La Corte Suprema, órgano superior del Poder Judicial con una veintena de miembros, tiene más del 30% de ellos inhabilitados por razones éticas o por prácticas indebidas en su ejercicio. Y todo el resto amenazado por su incompetencia en el cumplimiento de sus cometidos, además de investigaciones penales y querellas de grupos privados. El control administrativo que ella ejerce sobre los funcionarios de todo ese poder del Estado es casi inexistente. Bastaría una auditoria simple, lo que se ha pedido sin éxito, sobre su Corporación Administrativa, para comprobar un funcionamiento fragmentado, sin procedimientos regulares de control, y que ejecuta el presupuesto público del Poder Judicial sin que nadie certifique ni los fundamentos ni la probidad del gasto. Su personal directivo se autogobierna y adopta decisiones que inciden directa o indirectamente en la aplicación de Justicia y el funcionamiento de las salas judiciales, también sin control. Como ocurre con el sistema digital de distribución de causas y su algoritmo, que está bajo querella y largamente cuestionado de manipulación. En todo esto la Corte Suprema se omite o agazapa.
El gobierno sobrepasado permanentemente en materia de seguridad ciudadana y seguridad estratégica del Estado, experimentó uno de los peores golpes de prestigio con el llamado Caso Monsalve. El problema, si bien muy grave, no es la eventual comisión del delito del cual se acusa al ex subsecretario de Interior y que tiene curso de investigación criminal. El problema es la mezcla de affaire privado con política pública que permitieron las actuaciones del presidente y su ministra del Interior al no adoptar las decisiones debidas. No previeron ni tuvieron manejo de crisis.
Atravesado el Estado de manera transversal por investigaciones criminales, sus instituciones han perdido noción de su misión, y fijan su agenda bajo criterios de oportunidad y factores comunicacionales. Esa agenda de interés privado ha llevado incluso que el Consejo de Defensa del Estado acuerde con el Ministerio Público la defensa conjunta del Fiscal Nacional Angel Valencia ante una acusación particular en el caso Hermosilla. Algo completamente fuera de cánones republicanos.
La agresión política y la apropiación permanente de fondos fiscales un robo directo al bolsillo de todos los ciudadanos y no solo una falta a la probidad. Particularmente odioso cuando se lo hace para generar un vértigo de parranda política en época electoral con el fin de ganarle al otro “por el interés de Chile”. Ello tiene ejemplos tanto en el gobierno central como en los gobiernos regionales y locales de una manera política absolutamente transversal. Una rebelión de las elites en contra de la ciudadanía.

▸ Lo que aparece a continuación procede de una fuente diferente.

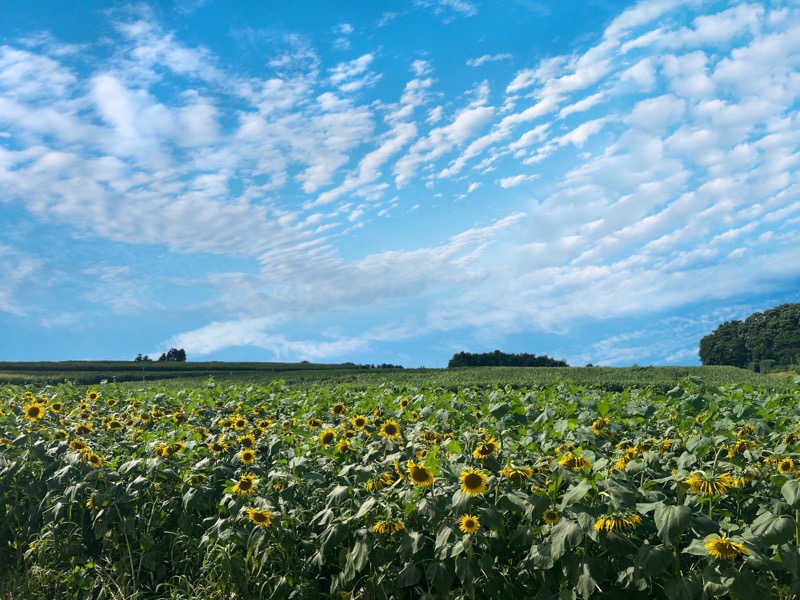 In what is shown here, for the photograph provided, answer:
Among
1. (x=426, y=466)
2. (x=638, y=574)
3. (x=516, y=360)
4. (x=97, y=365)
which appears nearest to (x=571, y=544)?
(x=638, y=574)

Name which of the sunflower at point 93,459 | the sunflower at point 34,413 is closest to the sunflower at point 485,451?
the sunflower at point 93,459

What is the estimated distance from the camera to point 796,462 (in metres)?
3.61

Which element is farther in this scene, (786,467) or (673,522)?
(786,467)

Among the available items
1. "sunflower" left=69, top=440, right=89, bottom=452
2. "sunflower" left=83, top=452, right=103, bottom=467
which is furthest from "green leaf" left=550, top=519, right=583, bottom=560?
"sunflower" left=69, top=440, right=89, bottom=452

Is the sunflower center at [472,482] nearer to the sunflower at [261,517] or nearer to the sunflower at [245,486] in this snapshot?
the sunflower at [261,517]

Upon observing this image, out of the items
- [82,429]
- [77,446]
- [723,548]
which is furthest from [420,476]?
[82,429]

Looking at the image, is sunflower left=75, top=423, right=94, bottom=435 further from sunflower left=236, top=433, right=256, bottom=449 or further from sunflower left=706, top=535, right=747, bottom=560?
sunflower left=706, top=535, right=747, bottom=560

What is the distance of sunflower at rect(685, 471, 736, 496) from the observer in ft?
10.7

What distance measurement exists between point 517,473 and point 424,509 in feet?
2.21

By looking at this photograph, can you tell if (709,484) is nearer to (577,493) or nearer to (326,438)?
(577,493)

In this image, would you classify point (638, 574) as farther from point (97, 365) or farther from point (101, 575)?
point (97, 365)

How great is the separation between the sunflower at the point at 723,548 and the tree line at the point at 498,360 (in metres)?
33.0

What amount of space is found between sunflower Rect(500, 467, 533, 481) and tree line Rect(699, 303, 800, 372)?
149ft

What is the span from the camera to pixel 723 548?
2855mm
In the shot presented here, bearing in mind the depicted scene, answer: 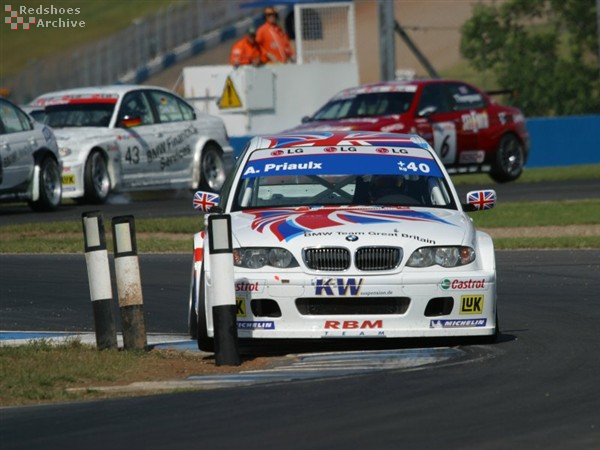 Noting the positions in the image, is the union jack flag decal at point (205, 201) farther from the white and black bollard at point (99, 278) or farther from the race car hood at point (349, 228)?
the white and black bollard at point (99, 278)

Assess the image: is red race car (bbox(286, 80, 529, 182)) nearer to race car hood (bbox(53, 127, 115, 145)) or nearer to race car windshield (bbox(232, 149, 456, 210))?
race car hood (bbox(53, 127, 115, 145))

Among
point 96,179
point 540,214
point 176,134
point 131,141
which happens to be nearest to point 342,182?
point 540,214

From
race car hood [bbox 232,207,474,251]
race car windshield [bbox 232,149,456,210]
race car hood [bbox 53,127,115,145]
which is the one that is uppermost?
race car windshield [bbox 232,149,456,210]

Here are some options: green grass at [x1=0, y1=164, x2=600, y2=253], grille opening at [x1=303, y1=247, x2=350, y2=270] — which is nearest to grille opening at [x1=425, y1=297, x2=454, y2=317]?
grille opening at [x1=303, y1=247, x2=350, y2=270]

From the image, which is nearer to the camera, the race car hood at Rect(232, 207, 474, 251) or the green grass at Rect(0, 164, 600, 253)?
the race car hood at Rect(232, 207, 474, 251)

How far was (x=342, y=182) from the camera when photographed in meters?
10.6

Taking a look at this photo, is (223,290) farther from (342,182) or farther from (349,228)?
(342,182)

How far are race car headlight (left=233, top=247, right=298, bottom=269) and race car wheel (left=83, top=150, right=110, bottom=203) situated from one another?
41.1 ft

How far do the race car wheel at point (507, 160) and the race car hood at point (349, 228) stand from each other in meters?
15.6

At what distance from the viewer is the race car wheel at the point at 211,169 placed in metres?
23.7

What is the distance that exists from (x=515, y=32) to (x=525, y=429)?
89.5 ft

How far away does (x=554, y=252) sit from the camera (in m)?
15.8

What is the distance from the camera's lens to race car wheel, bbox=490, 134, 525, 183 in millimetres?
25453

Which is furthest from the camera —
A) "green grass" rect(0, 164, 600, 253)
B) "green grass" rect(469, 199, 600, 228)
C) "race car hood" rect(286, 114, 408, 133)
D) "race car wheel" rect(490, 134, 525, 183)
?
"race car wheel" rect(490, 134, 525, 183) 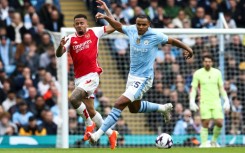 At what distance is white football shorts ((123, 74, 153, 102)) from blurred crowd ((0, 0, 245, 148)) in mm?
5858

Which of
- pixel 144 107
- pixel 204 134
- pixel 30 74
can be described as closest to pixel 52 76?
pixel 30 74

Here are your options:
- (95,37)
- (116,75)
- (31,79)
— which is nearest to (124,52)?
(116,75)

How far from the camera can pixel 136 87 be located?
17453 mm

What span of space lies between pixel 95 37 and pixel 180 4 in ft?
33.5

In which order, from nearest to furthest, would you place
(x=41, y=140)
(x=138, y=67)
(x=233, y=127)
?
(x=138, y=67)
(x=41, y=140)
(x=233, y=127)

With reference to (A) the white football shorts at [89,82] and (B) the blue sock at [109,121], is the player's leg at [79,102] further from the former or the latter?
(B) the blue sock at [109,121]

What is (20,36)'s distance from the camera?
24984 millimetres

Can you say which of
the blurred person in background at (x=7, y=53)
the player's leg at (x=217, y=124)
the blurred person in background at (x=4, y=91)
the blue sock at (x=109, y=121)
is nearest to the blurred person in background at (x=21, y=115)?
the blurred person in background at (x=4, y=91)

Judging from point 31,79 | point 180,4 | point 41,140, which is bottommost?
point 41,140

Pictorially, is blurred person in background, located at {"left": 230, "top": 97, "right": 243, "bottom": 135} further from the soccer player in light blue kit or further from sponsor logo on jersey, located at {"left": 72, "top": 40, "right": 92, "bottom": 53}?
the soccer player in light blue kit

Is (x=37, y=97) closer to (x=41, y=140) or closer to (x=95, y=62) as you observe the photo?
(x=41, y=140)

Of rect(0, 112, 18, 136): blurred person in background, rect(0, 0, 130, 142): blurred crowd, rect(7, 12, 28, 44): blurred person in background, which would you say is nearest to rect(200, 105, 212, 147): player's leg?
rect(0, 0, 130, 142): blurred crowd

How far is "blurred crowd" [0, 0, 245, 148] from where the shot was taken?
23656mm

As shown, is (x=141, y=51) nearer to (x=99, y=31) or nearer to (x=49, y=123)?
(x=99, y=31) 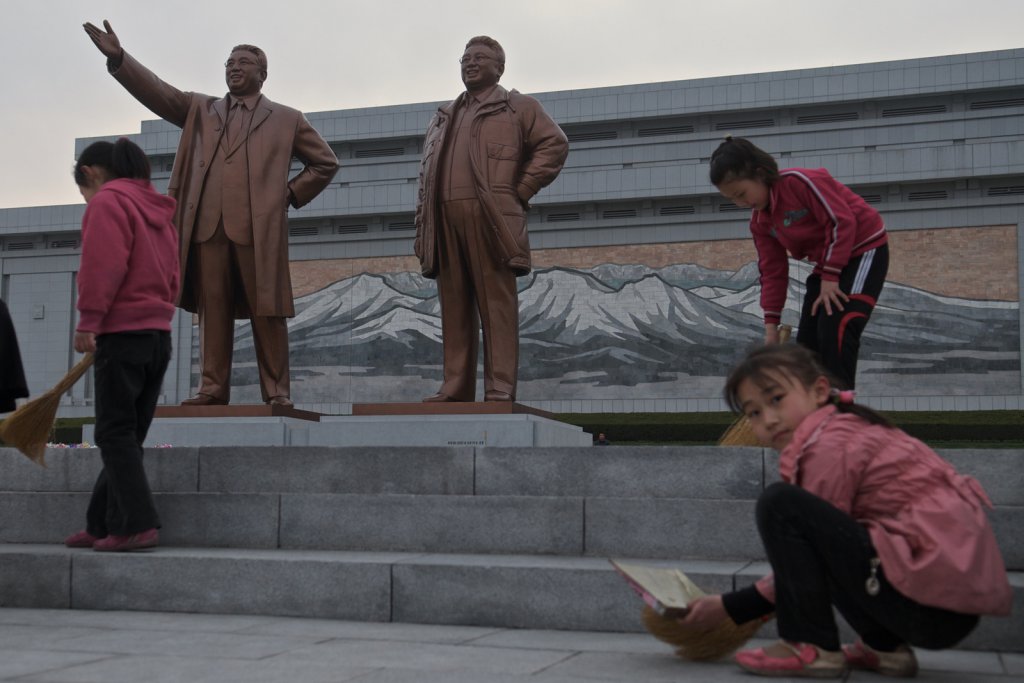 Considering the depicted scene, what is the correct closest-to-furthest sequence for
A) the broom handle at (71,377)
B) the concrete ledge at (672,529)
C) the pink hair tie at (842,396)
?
the pink hair tie at (842,396)
the concrete ledge at (672,529)
the broom handle at (71,377)

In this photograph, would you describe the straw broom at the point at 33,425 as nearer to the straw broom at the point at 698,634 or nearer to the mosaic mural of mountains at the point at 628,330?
the straw broom at the point at 698,634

El momento es complejo. Las cifras económicas actuales no acompañan ni las promesas del País de Nunca Jamás ni el orden del Señor de las Moscas. El bajo crecimiento proyectado, acompañando de una inflación que este año bordeará el 5%, no son buenas noticias para el crecimiento nacional.
En los días previos al llamado estallido social, hace cinco años, se produjeron dos hechos que fueron, no se sabe si grandes o pequeños, detonantes de esa situación. Similares a los de hoy. Un alza en los precios del transporte y una significativa en las tarifas de la luz. Todo en un ambiente de malestar ciudadano acumulado en materia de salud y de pensiones. Como en la actualidad, también las autoridades argumentaron en los días previos que todo estaba bajo control. Pero igual se produjo el estallido.
A diferencia de entonces hoy tenemos un gobierno mucho más débil, una justicia que casi no funciona, mayor criminalidad, aumento de la informalidad y una política polarizada y fragmentada que no se pone de acuerdo ni en su propia cocina. Y lo peor, la expectativa de las elites de que unas elecciones ganadas solucionan los problemas. No parece sensato.